SocietyMarch 20, 2023

Anti-trans campaigner’s NZ visit under review

A person holds a sign advocating for trans rights (Photo by ANDREJ IVANOV/AFP via Getty Images)
A person holds a sign advocating for trans rights (Photo by ANDREJ IVANOV/AFP via Getty Images)

Whether Kellie-Jay Keen-Minshull can enter the country without a visa is up in the air after tensions at Melbourne event.

Controversy surrounds the upcoming visit by Kellie-Jay Keen-Minshull, the British anti-transgender campaigner on a global tour who is scheduled to visit New Zealand next weekend for two public events. During an appearance in Melbourne over the weekend, supporters performed Nazi salutes.

The Rainbow Greens had already penned an open letter saying the Standing for Women group founder poses “a significant risk and threat to public order and the public interest” and demanded she be barred from entering the country.

On Friday, Immigration New Zealand confirmed Keen-Minshull, who also goes by the name Posie Parker, was part of the visa waiver programme between New Zealand and the UK. As a UK passport holder, she has a NZeTA (a New Zealand Electronic Travel Authority) granting her automatic entry into the country. The final decision on her entry would be left up to the “discretion” of a border officer, a spokesperson said.

This morning, that decision had changed and is now under review. “INZ is now reviewing whether in the light of the events at the weekend Ms Keen-Minshull is still able to travel to New Zealand on the basis of the NZeTA that she holds without obtaining a visa first,” a spokesperson said.

The events being referred to by INZ are Keen-Minshull’s public appearance in Melbourne, where supporters marched the streets shouting anti-transgender slurs, performing Nazi salutes and carrying banners with messages like “Destroy paedo freaks”, Newshub reported. Opposition protesters chanted “Posie Parker you can’t hide, you’ve got Nazis on your side.”

In its open letter, the the Rainbow Greens said Keen-Minshull had a longstanding track record of hateful speech and the incitement of violence towards trans and gender diverse communities. “Both public order and the public interest are likely to be threatened by the entry of Keen-Minshull and her planned tour of hate across our country,” it said. “There is, accordingly, a need for action to preserve public order and uphold the public interest by denying any request for a visa or visa waiver made by Keen-Minshull or, if a visa has already been granted, revoking that visa or refusing her entry permission under it.”

If Keen Minshull is rejected entry into Aotearoa, it wouldn’t be the first time INZ has flip-flopped over the decision to allow controversial figures into the country. In 2012, it initially approved a visit by former heavyweight boxer Mike Tyson before changing its mind when a charity set to benefit from his visit pulled its support. He hasn’t visited the country since.
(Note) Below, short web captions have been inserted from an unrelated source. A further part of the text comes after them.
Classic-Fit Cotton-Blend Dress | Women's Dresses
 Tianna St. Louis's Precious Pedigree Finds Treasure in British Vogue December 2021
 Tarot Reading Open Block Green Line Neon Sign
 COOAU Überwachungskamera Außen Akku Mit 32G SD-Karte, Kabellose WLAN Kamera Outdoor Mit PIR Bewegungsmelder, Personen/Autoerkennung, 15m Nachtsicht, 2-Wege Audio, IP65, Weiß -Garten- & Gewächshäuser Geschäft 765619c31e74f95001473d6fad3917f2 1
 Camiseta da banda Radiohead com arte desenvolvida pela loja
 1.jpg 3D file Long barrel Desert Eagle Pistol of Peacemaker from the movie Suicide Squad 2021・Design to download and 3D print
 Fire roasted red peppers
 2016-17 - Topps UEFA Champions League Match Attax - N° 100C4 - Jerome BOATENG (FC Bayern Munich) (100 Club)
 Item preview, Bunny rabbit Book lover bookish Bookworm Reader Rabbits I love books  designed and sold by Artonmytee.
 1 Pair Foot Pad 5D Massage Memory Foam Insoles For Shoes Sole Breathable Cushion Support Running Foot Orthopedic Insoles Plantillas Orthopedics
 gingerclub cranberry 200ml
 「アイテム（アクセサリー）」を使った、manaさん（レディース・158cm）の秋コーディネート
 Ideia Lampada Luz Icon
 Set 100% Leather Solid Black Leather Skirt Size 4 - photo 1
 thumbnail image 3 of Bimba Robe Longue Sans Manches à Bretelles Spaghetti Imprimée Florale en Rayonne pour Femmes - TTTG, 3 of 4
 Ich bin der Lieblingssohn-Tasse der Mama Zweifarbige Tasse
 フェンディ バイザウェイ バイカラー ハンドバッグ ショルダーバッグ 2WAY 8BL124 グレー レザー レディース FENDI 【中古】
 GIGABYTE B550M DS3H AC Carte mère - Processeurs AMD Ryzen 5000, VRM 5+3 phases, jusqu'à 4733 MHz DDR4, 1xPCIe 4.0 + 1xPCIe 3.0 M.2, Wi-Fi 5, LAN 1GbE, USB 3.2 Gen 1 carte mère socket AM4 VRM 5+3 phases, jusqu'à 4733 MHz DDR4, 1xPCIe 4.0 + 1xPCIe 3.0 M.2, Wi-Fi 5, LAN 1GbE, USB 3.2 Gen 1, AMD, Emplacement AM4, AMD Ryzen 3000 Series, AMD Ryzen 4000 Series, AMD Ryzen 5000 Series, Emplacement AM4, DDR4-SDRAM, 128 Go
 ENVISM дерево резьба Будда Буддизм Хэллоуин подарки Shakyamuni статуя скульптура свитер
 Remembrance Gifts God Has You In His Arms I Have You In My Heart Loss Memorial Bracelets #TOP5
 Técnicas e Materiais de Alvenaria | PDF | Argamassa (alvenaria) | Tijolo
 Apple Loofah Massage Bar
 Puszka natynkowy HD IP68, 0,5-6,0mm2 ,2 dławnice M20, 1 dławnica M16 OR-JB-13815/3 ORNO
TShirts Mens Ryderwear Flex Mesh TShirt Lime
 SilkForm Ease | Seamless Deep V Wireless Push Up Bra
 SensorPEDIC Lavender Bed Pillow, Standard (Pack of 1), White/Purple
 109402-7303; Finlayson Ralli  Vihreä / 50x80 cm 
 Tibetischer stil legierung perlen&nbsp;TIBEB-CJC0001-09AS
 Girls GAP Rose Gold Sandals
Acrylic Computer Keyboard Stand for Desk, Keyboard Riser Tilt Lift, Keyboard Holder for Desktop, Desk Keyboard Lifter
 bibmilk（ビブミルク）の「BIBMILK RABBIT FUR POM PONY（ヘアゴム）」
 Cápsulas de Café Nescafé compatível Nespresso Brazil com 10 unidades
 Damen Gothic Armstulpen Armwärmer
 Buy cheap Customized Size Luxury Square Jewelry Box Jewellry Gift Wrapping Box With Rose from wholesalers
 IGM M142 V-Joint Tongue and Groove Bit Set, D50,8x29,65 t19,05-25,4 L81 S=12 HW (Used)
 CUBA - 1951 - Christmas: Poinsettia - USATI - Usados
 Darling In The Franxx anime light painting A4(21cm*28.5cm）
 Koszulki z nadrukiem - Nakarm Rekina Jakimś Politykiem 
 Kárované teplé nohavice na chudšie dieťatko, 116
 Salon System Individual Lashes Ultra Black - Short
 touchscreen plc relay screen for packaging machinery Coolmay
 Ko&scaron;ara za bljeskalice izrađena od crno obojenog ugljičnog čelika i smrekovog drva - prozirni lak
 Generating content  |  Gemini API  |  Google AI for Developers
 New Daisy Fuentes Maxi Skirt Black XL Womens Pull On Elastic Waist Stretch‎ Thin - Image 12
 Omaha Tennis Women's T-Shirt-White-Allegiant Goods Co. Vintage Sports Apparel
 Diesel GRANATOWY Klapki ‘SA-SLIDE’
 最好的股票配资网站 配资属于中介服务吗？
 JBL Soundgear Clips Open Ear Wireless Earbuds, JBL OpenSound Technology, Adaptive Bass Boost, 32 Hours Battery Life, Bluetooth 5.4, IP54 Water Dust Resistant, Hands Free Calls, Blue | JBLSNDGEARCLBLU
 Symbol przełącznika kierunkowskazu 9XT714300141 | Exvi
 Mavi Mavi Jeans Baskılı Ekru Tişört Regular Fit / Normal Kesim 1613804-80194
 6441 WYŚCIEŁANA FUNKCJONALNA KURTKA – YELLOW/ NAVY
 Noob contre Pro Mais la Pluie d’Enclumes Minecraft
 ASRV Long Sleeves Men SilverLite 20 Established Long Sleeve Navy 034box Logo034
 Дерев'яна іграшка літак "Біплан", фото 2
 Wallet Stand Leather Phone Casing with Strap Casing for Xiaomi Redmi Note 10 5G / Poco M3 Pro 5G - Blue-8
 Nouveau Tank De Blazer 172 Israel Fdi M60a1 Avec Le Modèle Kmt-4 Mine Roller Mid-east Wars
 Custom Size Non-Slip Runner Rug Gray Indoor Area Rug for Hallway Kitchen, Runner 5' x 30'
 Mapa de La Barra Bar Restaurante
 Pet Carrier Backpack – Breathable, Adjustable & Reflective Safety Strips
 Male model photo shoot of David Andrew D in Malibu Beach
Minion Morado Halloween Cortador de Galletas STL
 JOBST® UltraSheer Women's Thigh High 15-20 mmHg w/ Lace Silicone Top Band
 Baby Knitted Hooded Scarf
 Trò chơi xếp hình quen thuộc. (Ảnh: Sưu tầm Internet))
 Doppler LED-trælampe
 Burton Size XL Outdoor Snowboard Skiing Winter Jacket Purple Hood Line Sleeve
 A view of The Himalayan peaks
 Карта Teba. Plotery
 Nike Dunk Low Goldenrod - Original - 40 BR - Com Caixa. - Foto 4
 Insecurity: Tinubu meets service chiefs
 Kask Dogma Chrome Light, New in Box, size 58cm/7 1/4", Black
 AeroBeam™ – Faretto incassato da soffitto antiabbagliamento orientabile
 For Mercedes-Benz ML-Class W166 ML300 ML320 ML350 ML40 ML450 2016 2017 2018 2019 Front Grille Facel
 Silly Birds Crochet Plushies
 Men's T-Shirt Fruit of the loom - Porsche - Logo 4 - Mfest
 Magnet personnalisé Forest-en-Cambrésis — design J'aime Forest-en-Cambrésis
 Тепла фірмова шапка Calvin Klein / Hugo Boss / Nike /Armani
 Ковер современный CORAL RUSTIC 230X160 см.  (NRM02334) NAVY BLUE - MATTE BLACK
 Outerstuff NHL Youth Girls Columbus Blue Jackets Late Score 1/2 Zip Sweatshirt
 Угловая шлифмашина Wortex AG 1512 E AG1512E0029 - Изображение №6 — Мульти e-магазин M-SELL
In 2014, Rapper Tyler, the Creator found out his Visa had been revoked while at LAX on his way down under to perform with his group Odd Future at the Eminem-headlined Rapture festival at Western Springs. He later wrote the song ‘Smuckers’ about the experience, a song that included the lyrics, “I got banned from New Zealand / Whitey called me demon / And a terrorist / God dammit I couldn’t believe it”. He’s performed her twice since, in 2020 and again in 2022.

A 2015 Chris Brown concert also sparked outrage over the R&B singer’s 2009 assault conviction against his then-girlfriend Rihanna. Brown called off the Australian and New Zealand tour before INZ released its decision. He hasn’t performed here since, but rumours are circulating that he may try again this year.